> [EXERCISE REQUIREMENTS]: In your reply, print every line of the listing exactly and omit all images.

> [INFORMATION SUPPLIED]:
# # # # # # #

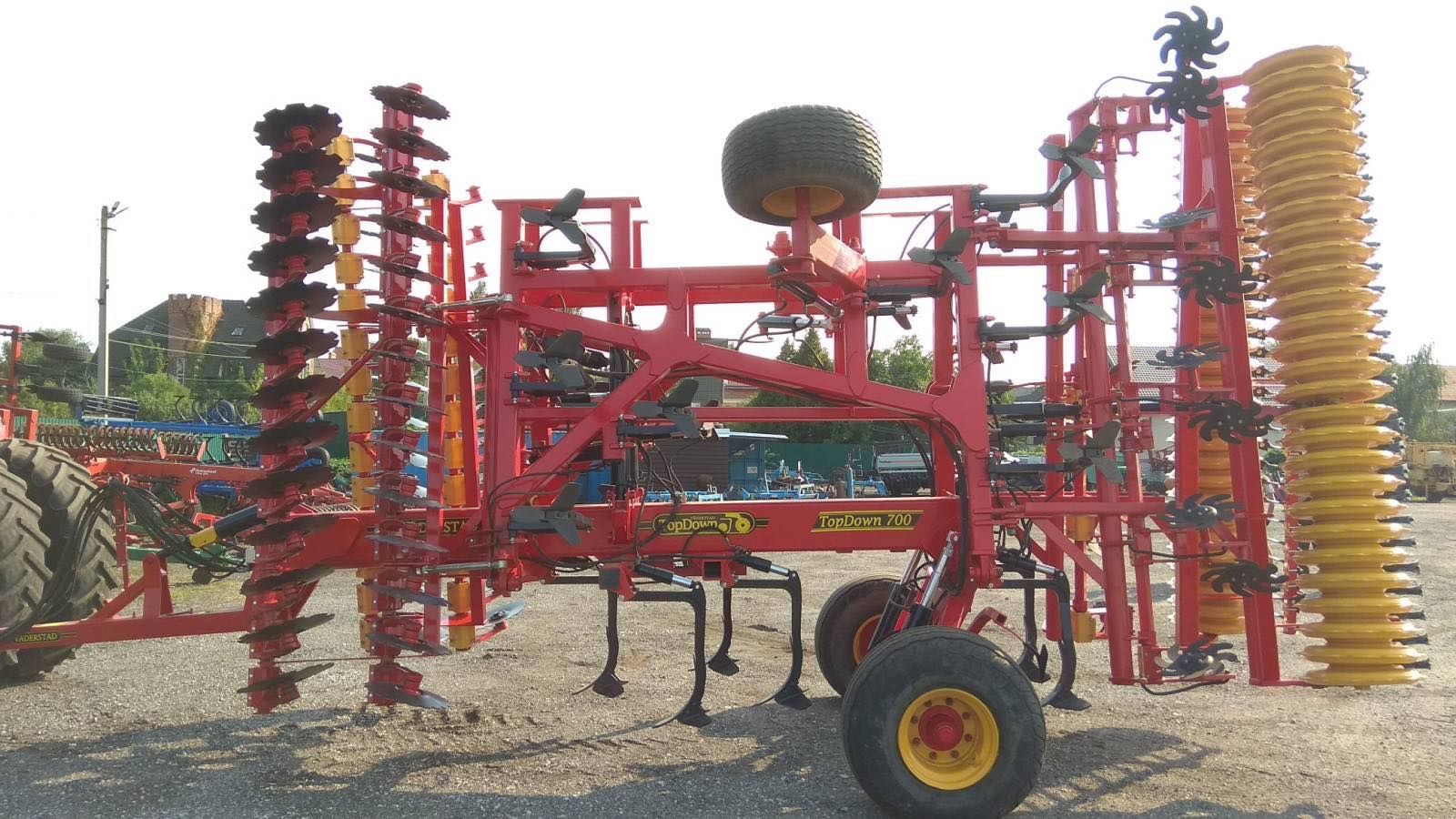 Продажа обмін Культиватор дискатор Ведерштад Vaderstad top down TD700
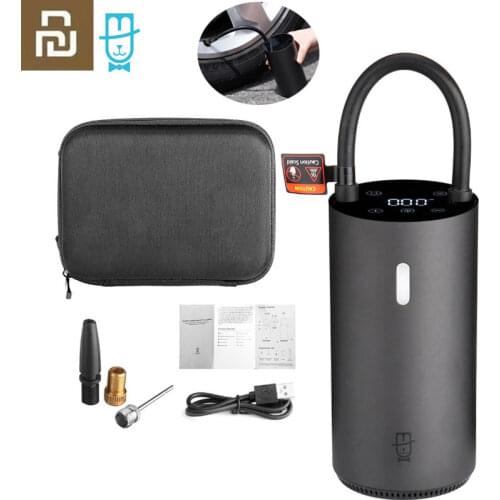 2021 Xiaom Roidmi Mojietu Portable Smart Digital Tire Pressure Detection Electric Inflator Pump for Bike Motorcycle Car Football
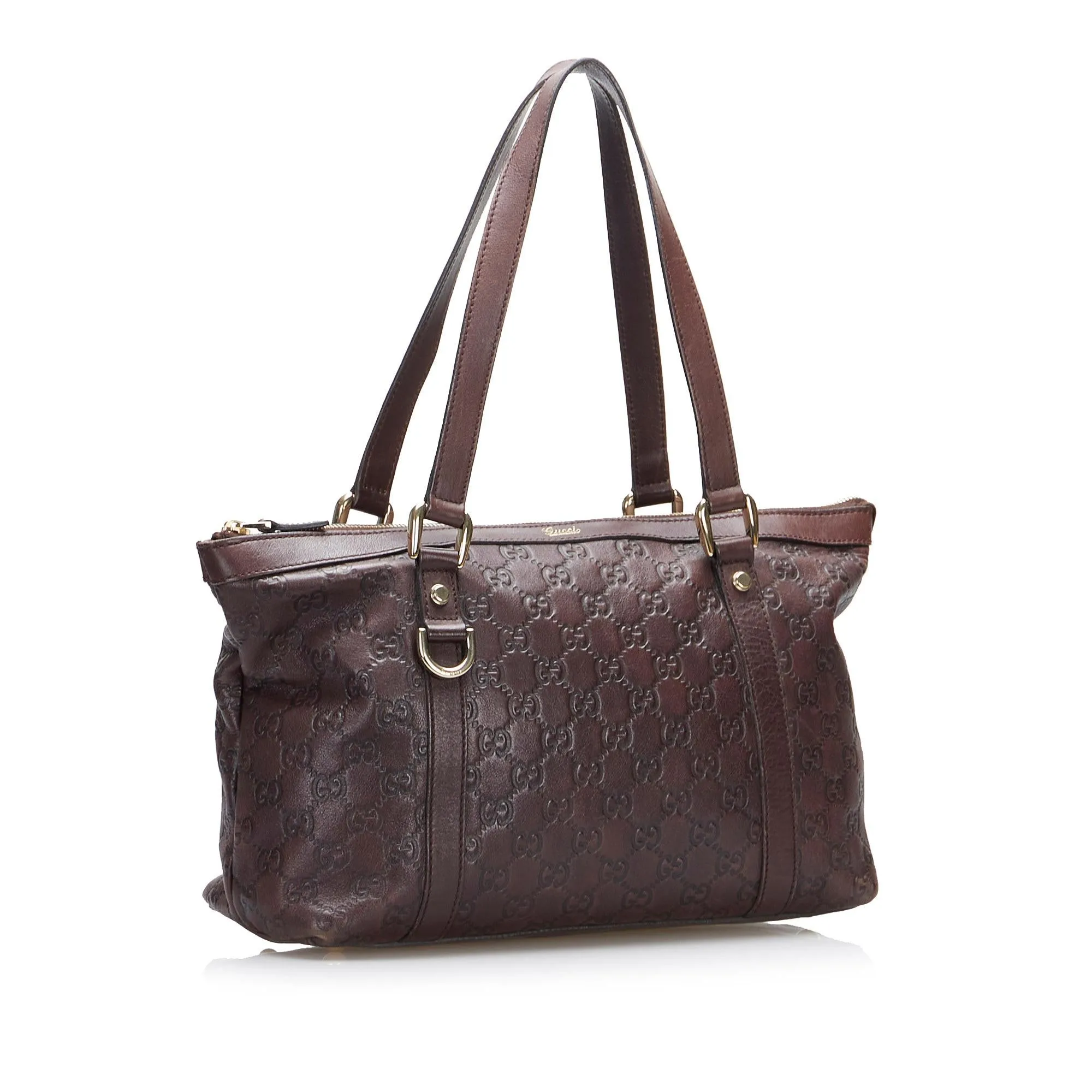 Gucci Guccissima Abbey Shoulder Bag (SHG-oPyhkG)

# # # # # # #

> [REPLY]:
 Продажа обмін Культиватор дискатор Ведерштад Vaderstad top down TD700
 2021 Xiaom Roidmi Mojietu Portable Smart Digital Tire Pressure Detection Electric Inflator Pump for Bike Motorcycle Car Football
 Gucci Guccissima Abbey Shoulder Bag (SHG-oPyhkG)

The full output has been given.